In 2011 Callahan received the Federal Computer Week's Federal 100 Award for her work on privacy and cybersecurity. In October 2013, Mary Ellen received the Privacy Vanguard Award, given by the International Association of Privacy Professionals, an annual award honoring the privacy professional who has demonstrated outstanding leadership, knowledge and creativity in privacy and data protection.

Callahan was named a Best Lawyer by the Washingtonian magazine twice: in 2013 in the field of National Security Law, and in 2015, Cybersecurity Law.
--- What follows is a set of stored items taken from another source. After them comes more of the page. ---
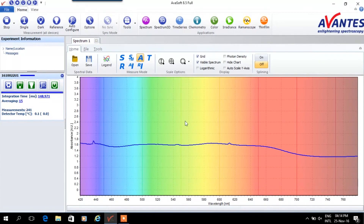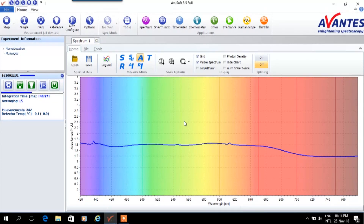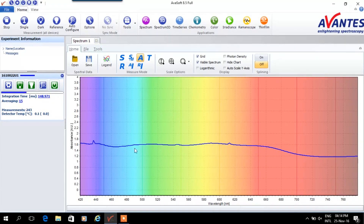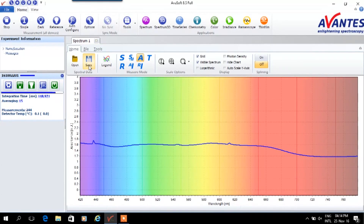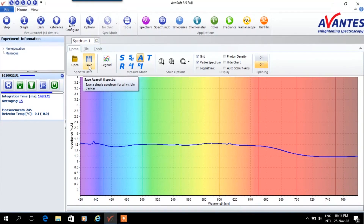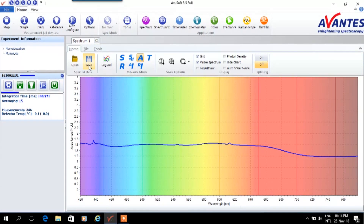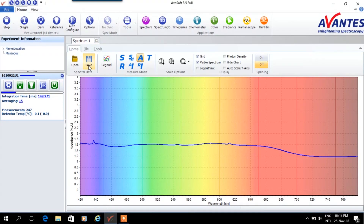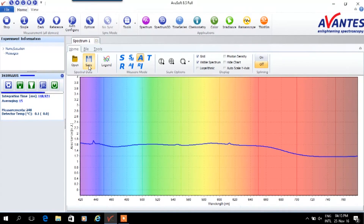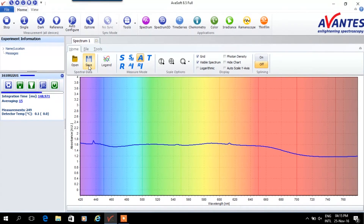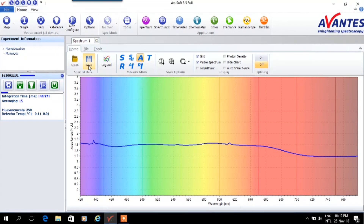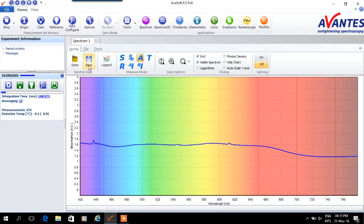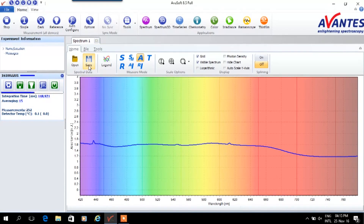Place the sample in the light path and do a measurement. The absorbance spectra are now visualized. Files can of course be saved and exported for offline analysis. Measuring a high absorbance value demonstrates the excellent dynamic range of the ArvaSpec Hero — with a more standard spectrometer, noise would negatively influence the measurement results.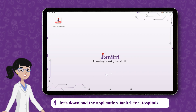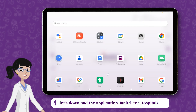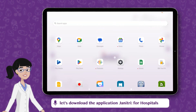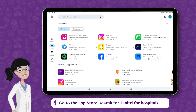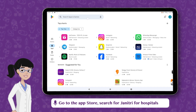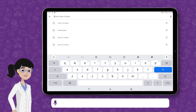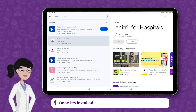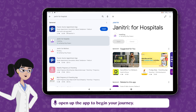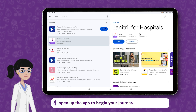First things first, let's download the application Genitri for Hospitals. Go to the App Store, search for Genitri for Hospitals and tap on the Install button. Once it's installed, open the app to begin your journey.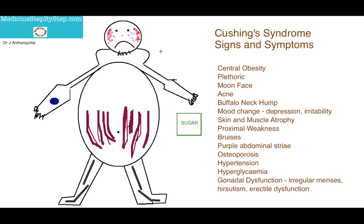A patient with Cushing's Syndrome will typically have a moon face and plethora, and as I've shown here, with acne. They may have mood change, being depression or irritability, shown here by the sad face.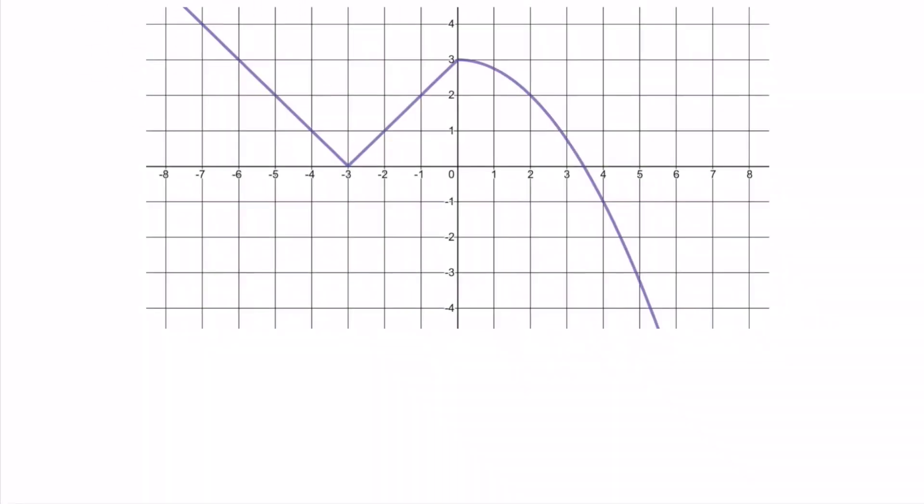Let's practice some function notation using this graph. This is just two types of graphs combined — you don't need to worry about it too much. Let's call this graph f. I'm going to ask you a couple of questions, and after I ask each one you might want to pause and try to figure it out for yourself, then resume to see the answers.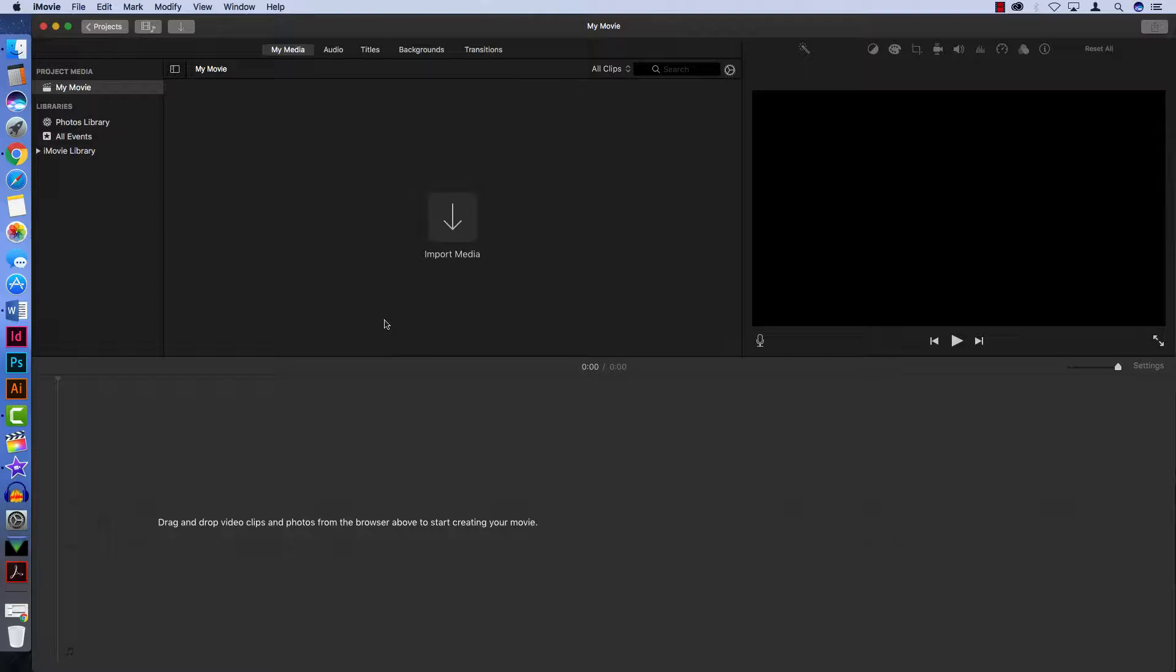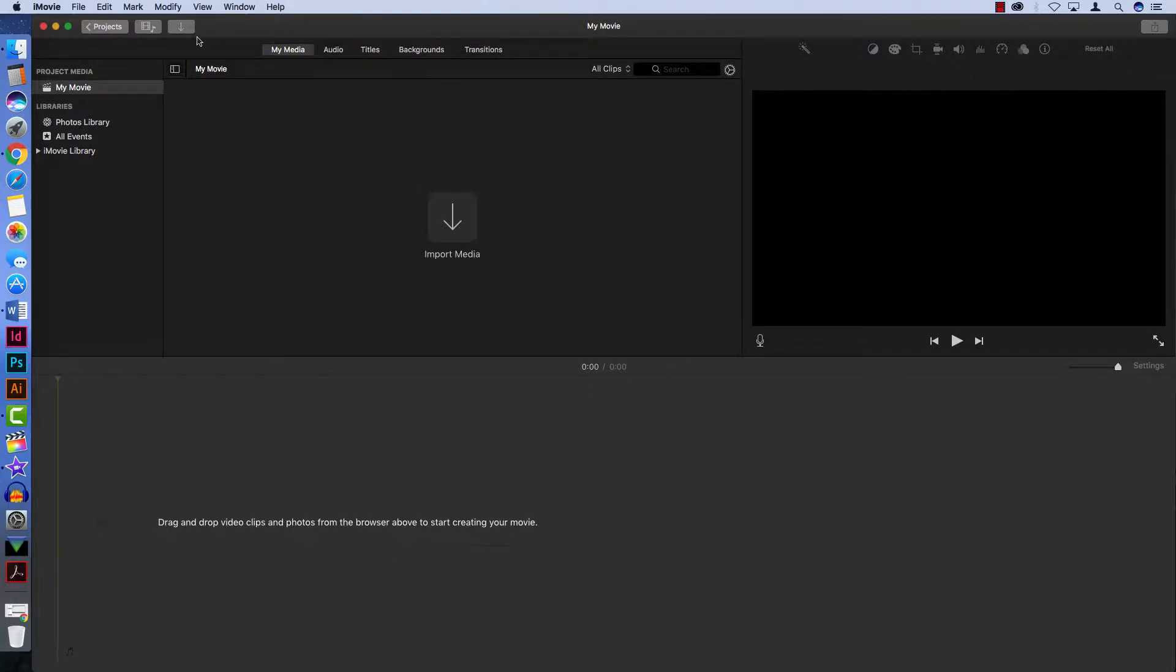Now, if you're working with a new project and you don't have any media imported yet, you should see this large button here. But if you've already got a few things and you want to import more, the easiest way to do that is to look for the Import Media button here on the top bar of the program, shaped like a downwards pointing arrow.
In 2013, she was named a Tech Titan by Washingtonian.

In April 2022, she received an honorary Doctor of Laws degree from Pitt when she gave the (delayed) 2020 Commencement Address. (rescheduled as a result of the COVID-19 pandemic).

Callahan received the DHS Outstanding Service Medal from DHS Secretary Alejandro Mayorkas in August 2023, at the end of her tenure as the Chief of Staff to the Deputy Secretary, and another DHS Outstanding Service Medal at the end of her tenure as CWMD Assistant Secretary.

In 2024, she was named a Homeland Security Trailblazer by Homeland Security Today.

In 2025, she was awarded the Order of the Dragon, Legionnaire Award by the U.S. Army Chemical Corps Regimental Association. To qualify for the Order of the Dragon, civilians must have demonstrated the highest standards of integrity and moral character, and outstanding degree of professional competence, and have contributed to the promotion of the Chemical Corps in numerous ways over the course of their career.